§ Records shown

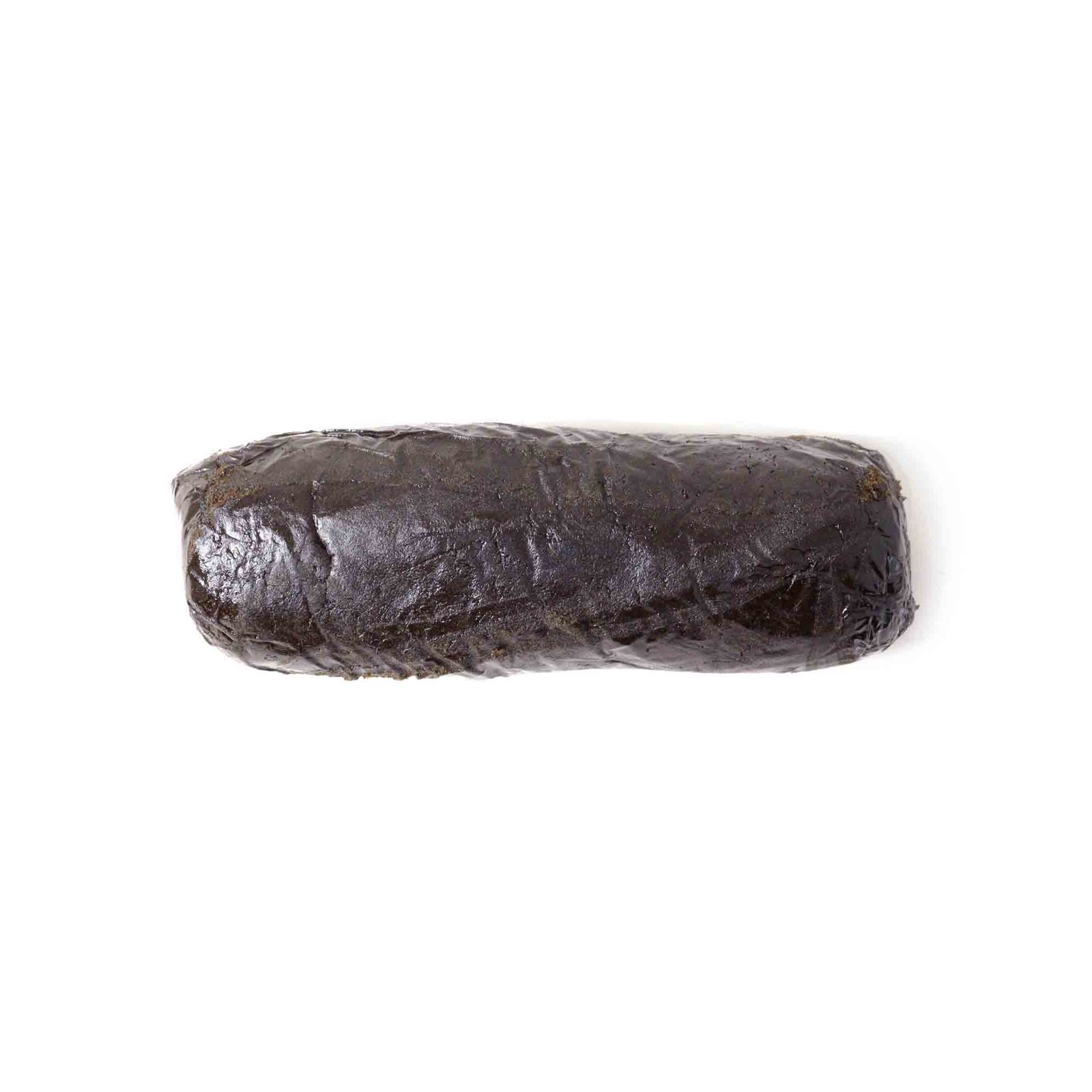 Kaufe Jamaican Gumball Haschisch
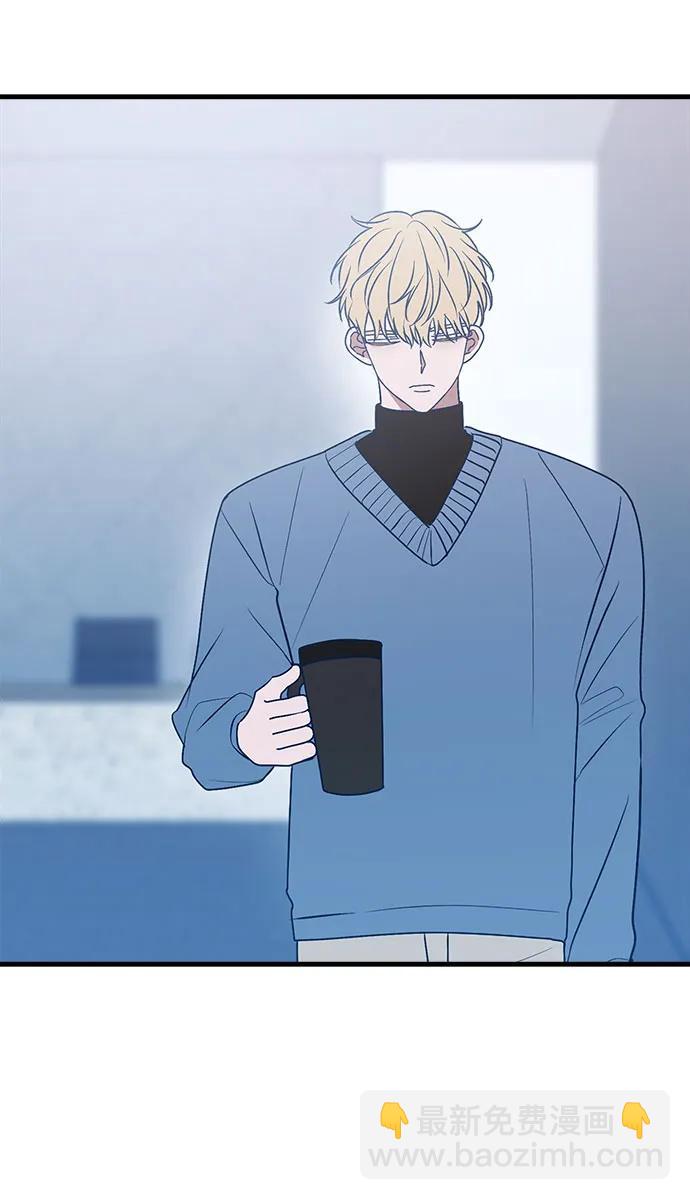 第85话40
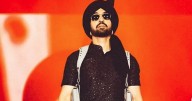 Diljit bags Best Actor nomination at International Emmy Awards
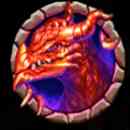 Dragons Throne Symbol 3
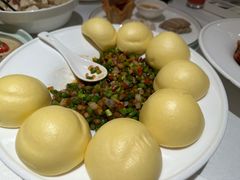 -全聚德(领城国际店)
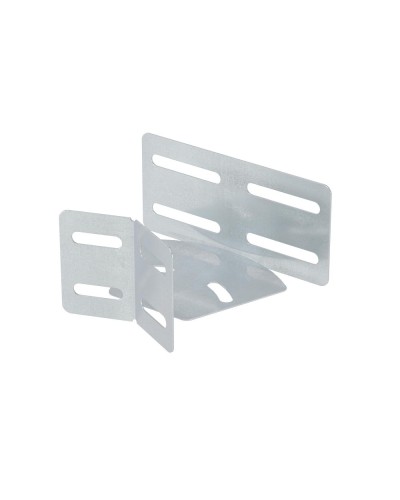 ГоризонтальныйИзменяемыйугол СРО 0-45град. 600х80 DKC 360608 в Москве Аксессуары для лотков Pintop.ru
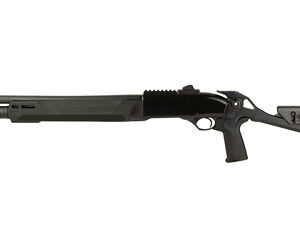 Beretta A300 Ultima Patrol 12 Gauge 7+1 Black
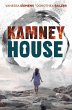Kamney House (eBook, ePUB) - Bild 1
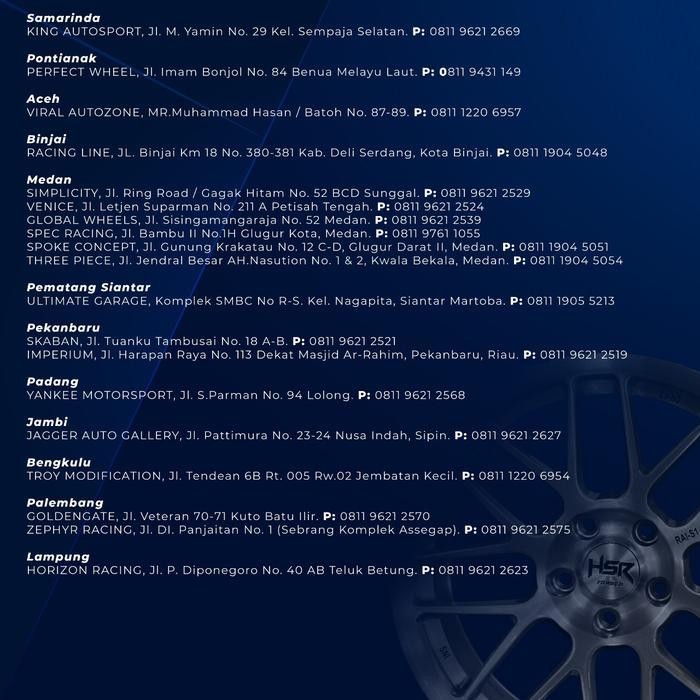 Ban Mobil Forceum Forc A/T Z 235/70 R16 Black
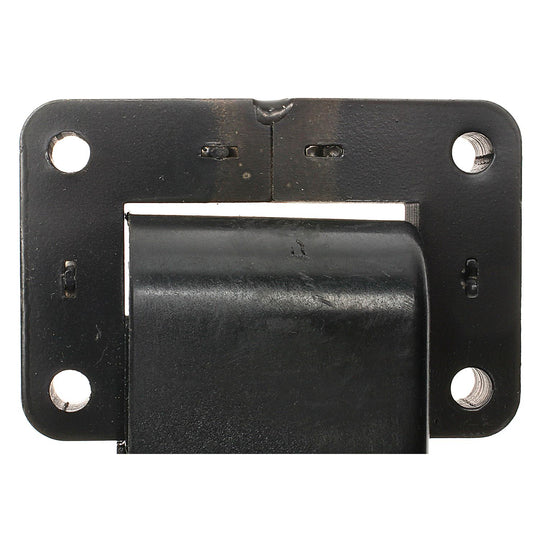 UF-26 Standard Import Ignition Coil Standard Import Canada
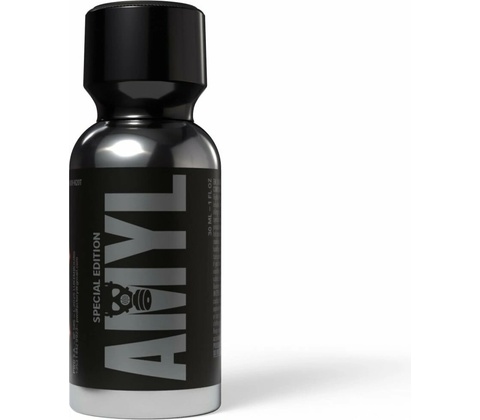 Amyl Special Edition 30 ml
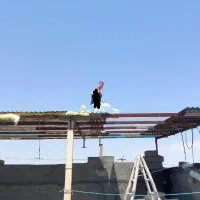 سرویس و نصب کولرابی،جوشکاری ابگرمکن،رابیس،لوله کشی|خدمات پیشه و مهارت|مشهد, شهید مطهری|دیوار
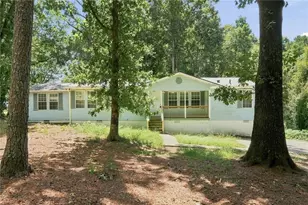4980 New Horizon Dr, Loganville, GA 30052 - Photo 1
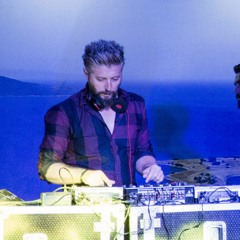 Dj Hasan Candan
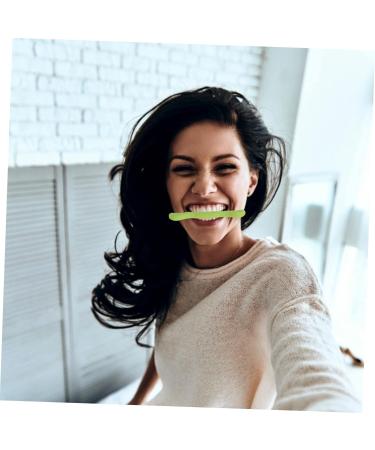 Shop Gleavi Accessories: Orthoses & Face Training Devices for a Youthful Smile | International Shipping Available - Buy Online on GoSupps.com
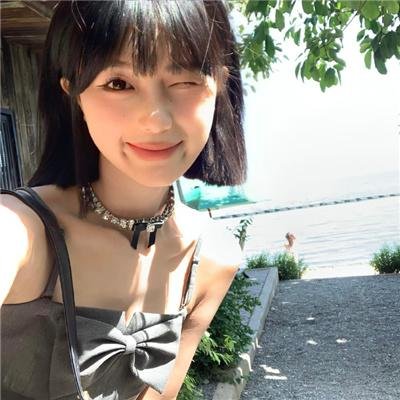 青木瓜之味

§ Problem to work on
All that should be printed is the lines from the one containing "Kamney House (eBook, ePUB) - Bild 1" through the last line of the material above, both ends included, exactly as they stand; please skip the pictures.

§ Answer for the task
Kamney House (eBook, ePUB) - Bild 1
 Ban Mobil Forceum Forc A/T Z 235/70 R16 Black
 UF-26 Standard Import Ignition Coil Standard Import Canada
 Amyl Special Edition 30 ml
 سرویس و نصب کولرابی،جوشکاری ابگرمکن،رابیس،لوله کشی|خدمات پیشه و مهارت|مشهد, شهید مطهری|دیوار
4980 New Horizon Dr, Loganville, GA 30052 - Photo 1
 Dj Hasan Candan
 Shop Gleavi Accessories: Orthoses & Face Training Devices for a Youthful Smile | International Shipping Available - Buy Online on GoSupps.com
 青木瓜之味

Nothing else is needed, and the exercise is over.